Parts A and B use the UOB and rebate addendum financial information to
determine formula funding as directed by RWHAP statute. These data were
collected when grant recipients submitted their annual Federal
Financial Report (FFR SF-425) in hard copy only, and submitted to the
individual HHS Operating Divisions (OPDIVs). HRSA combined the FFR SF-
425 with the UOB and rebate addendum
[[Page 34904]]
tables using a suggested format through the HRSA EHBs. This financial
information is collected in the same location to streamline the process
for the grant recipients. The UOB and rebate addendum data tables will
be collected in the HRSA EHBs below the FFR SF-425 control number and
the Paperwork Burden Statement.
---------------------------------------------------------------------------
\1\ The Allocations Report and the Expenditures Report were
approved by OMB under the 0915-0318 control number.
---------------------------------------------------------------------------
Need and Proposed Use of the Information: RWHAP Part A and Part B
recipients currently complete the UOB and rebate addendum tables in a
non-electronic form and upload them as attachments as a part of their
FFR SF-425 submission. This new process will decrease administrative
burden, increase transparency, and improve the quality of the data
submitted to HRSA. UOB and rebate addendum tables are essential for
allowing HRSA to ensure that RWHAP recipients are meeting the goal of
accountability to Congress, clients, advocacy groups, and the general
public. Information provided in the UOB and rebate addendum tables is
critical for HRSA, states and territories, local clinics, and
individual providers to evaluate the effectiveness of these programs.
Likely Respondents: HRSA RWHAP Parts A and B Recipients.

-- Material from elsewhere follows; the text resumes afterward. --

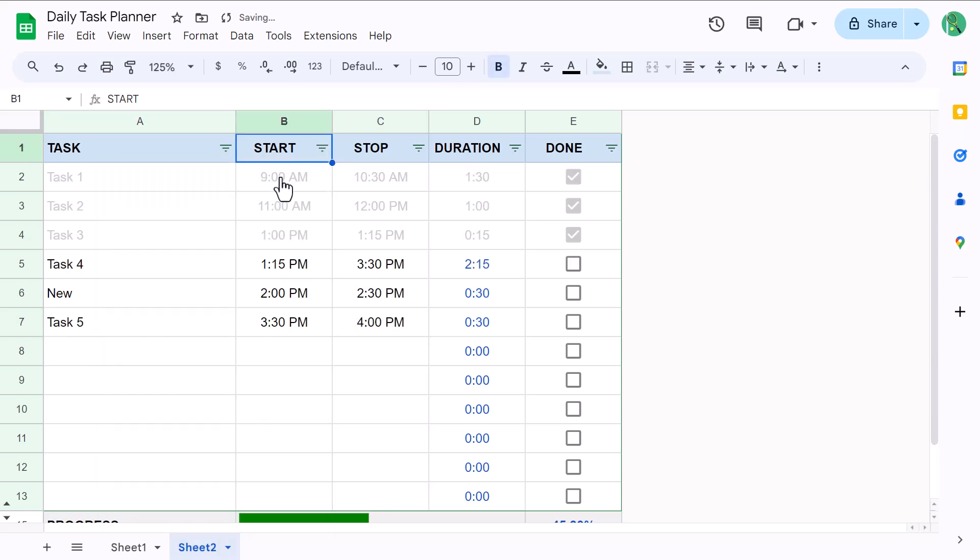Also, if you want to add another awesome Google Sheets tool to your tool belt, then check out this video where you'll learn how to create a habit tracker from scratch. As always, thanks for watching and I will see you again in the next Spreadsheet Life video.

Burden Statement: Burden in this context means the time expended by
persons to generate, maintain, retain, disclose or provide the
information requested. This includes the time needed to review
instructions; to develop, acquire, install, and utilize technology and
systems for the purpose of collecting, validating, and verifying
information, processing and maintaining information, and disclosing and
providing information; to train personnel and to be able to respond to
a collection of information; to search data sources; to complete and
review the collection of information; and to transmit or otherwise
disclose the information. The total annual burden hours estimated for
this ICR are summarized in the table below.

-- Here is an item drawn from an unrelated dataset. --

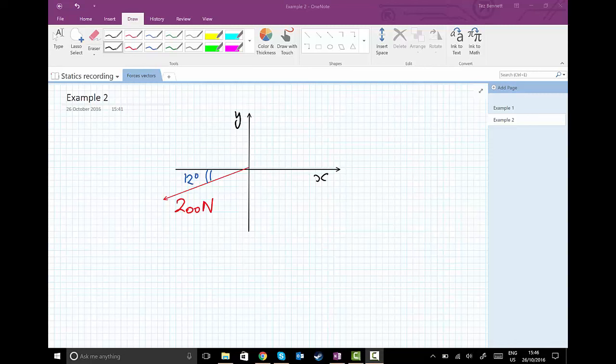Okay, so we're going to resolve another vector, but now the vector has a negative y component and is pointing also negative in the x direction.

Total Estimated Annualized Burden Hours
----------------------------------------------------------------------------------------------------------------
Average
Number of Number of Total burden per Total burden
Form name respondents responses per responses response (in hours
respondent hours)
----------------------------------------------------------------------------------------------------------------
Part A UOB Table................ 52 1 52 0.5 27.0
Part B UOB Table................ 59 1 59 0.5 29.5
-------------------------------------------------------------------------------
Total....................... 111 .............. 111 .............. 56.5
----------------------------------------------------------------------------------------------------------------
HRSA specifically requests comments on (1) the necessity and
utility of the proposed information collection for the proper
performance of the agency's functions, (2) the accuracy of the
estimated burden, (3) ways to enhance the quality, utility, and clarity
of the information to be collected, and (4) the use of automated
collection techniques or other forms of information technology to
minimize the information collection burden.
Maria G. Button,
Director, Division of the Executive Secretariat.